INPUT DATA:
☆ ☆ ☆ ☆
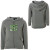 DC CityStar Full-Zip Hooded Sweatshirt - Little Boy's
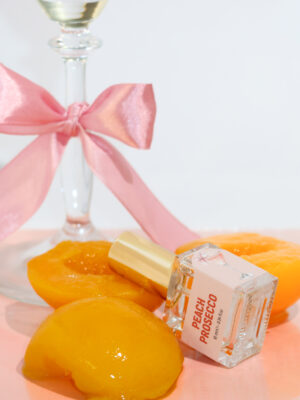 Peach Prosecco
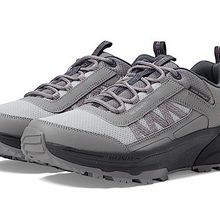 Skechers Max Protect Liberated Bağcıklı Oxford Siyah/Sarı 8 Numara Erkek Spor Ayakkabı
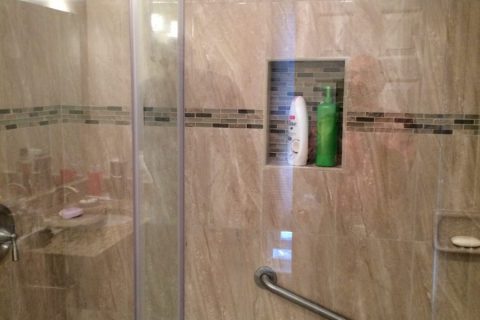 Complete Bathroom Remodeling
☆ ☆ ☆ ☆
TASK STATEMENT: The entire listing above, word for word and without pictures, is what should be output.

ANSWER FOR THE TASK:
 DC CityStar Full-Zip Hooded Sweatshirt - Little Boy's
 Peach Prosecco
 Skechers Max Protect Liberated Bağcıklı Oxford Siyah/Sarı 8 Numara Erkek Spor Ayakkabı
 Complete Bathroom Remodeling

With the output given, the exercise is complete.